Two Women: Magnani Refused to Play Sophia Loren’s Mother

An opportunity to work with Anna Magnani again seemed to materialize almost immediately for George Cukor after directing her in Wild Is the Wind, for which she garnered a second Oscar nomination.

In late l957, agent Lazar made a deal for Cukor to do two more pictures at Paramount: Two Women and Heller in Pink Tights. Based on an Alberto Moravia novel, Two Women tells the heart-wrenching story of an Italian mother and her shy daughter, who are both brutally raped by Allied Moroccan soldiers during WWII.

“It’s my Italian period,” he joked. To get a sense of the picture’s desirable look, Cukor requested photographs of Italy during the War. He planned to go to Rome for preliminary work on Two Women, which he hoped to shoot the following spring with Anna Magnani and Sophia Loren. However, casting difficulties prevented him from doing the film with the two stars.

Magnani felt that Loren was physically too strong-looking to make the mother-daughter relationship convincing. If Loren were definitely set for daughter, Magnani would reluctantly decline the mother role. Magnani wrote, “I like and respect Cukor and Loren, personally and professionally. I believe the role of the mother in the book is perfect for me, but I shouldn’t play it if Sophia plays daughter, because no matter how great both our performances, the wonderful and unique qualities which the book gives to mother-daughter relationship and which is its most important essence, would be largely lost.” Magnani hoped that Cukor would believe that her decision had nothing to do with the size of her part.

Cukor thought that Magnani made a valid point, but that the problem could be resolved with Loren’s performance and makeup. In his view, the daughter’s part was passive and too one-dimensional. If anything, it was her role that needed to be given other facets for dramatic tension. Fearing that the picture might be thrown to Loren, Magnani demanded approval of the script and final cut. Cukor held it would be “fatal” if she were in the “driver’s seat”; Magnani’s demands were totally unacceptable to him.

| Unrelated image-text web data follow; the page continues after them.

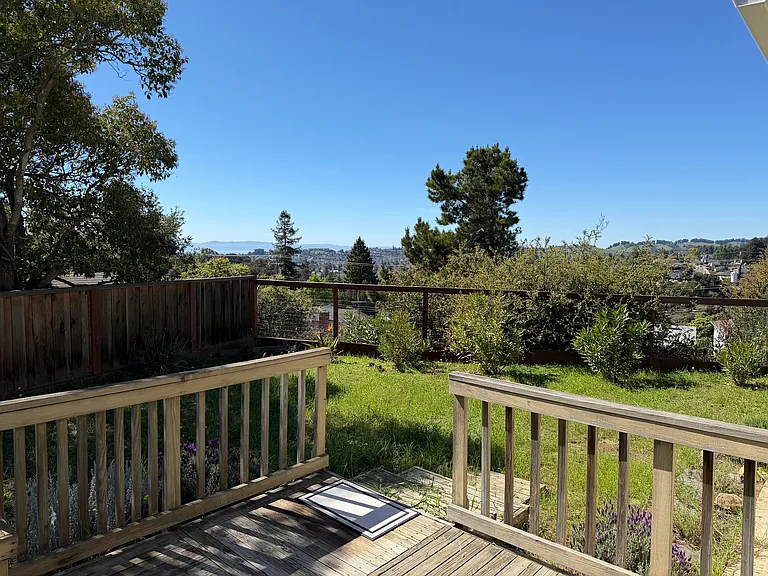 5232 Katrina Ct — Photo 13
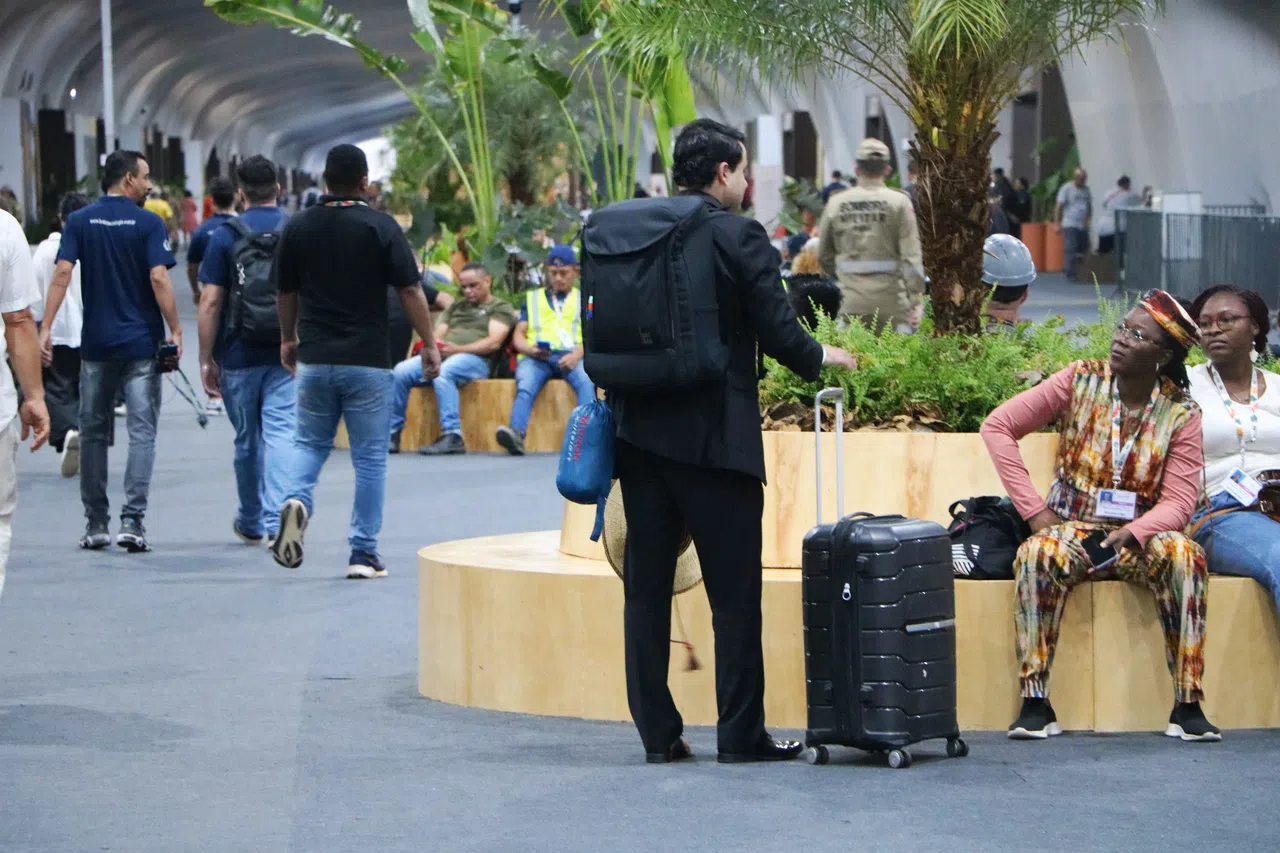 COP30进入加时协商阶段，一些与会者干脆把行李带到现场，以便大会结束后就直赴机场。（蔡玮谦摄）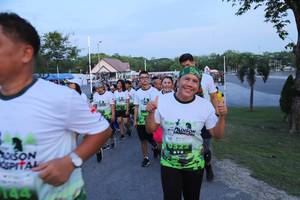 BIB: 
                            <button type="button" onclick="openModal(3628482)" class="btn btn-primary btn-sm float-right btn-popup" data-toggle="modal" data-target=".modal-high-quality">
                        <i class="fas fa-shopping-cart"></i> Add to Cart
                    </button>
                                            <button type="button" onclick="isThisMe(3628482, true)" class="btn btn-success btn-sm float-right btn-popup btn-isme hidden" data-toggle="tooltip" data-placement="bottom" title="นี่คือรูปของคุณใช่ไหม คลิกที่นี่เพื่อเอาเข้าอัลบั้ม">
                        <i class="fas fa-plus"></i> Add to album
                    </button>
                    <button type="button" onclick="isThisMe(3628482, false)" class="btn btn-warning btn-sm float-right btn-popup btn-isnotme hidden">
                        <i class="fas fa-ban"></i> Remove from album
                    </button>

But he also felt Magnani was not acting in good faith, because when she sent her agent to express her concerns, she knew that Loren was set for it. Cukor resented Magnani’s playing hard to get, trying to jockey them into a position where they’d be on their knees. He didn’t know the history of her enterprises, but he suspected that they always started with refusals, counter-offers, and shenanigans.

For Loren, the prospect of playing Magnani’s daughter was a coup. Excited to work with Cukor and with a star that at the time was “the doyenne” of Italian actresses, Loren tried to persuade Magnani, but to no avail. Magnani’s rejection was persistent: Loren was too tall and she refused to perform with a daughter she had to look up to.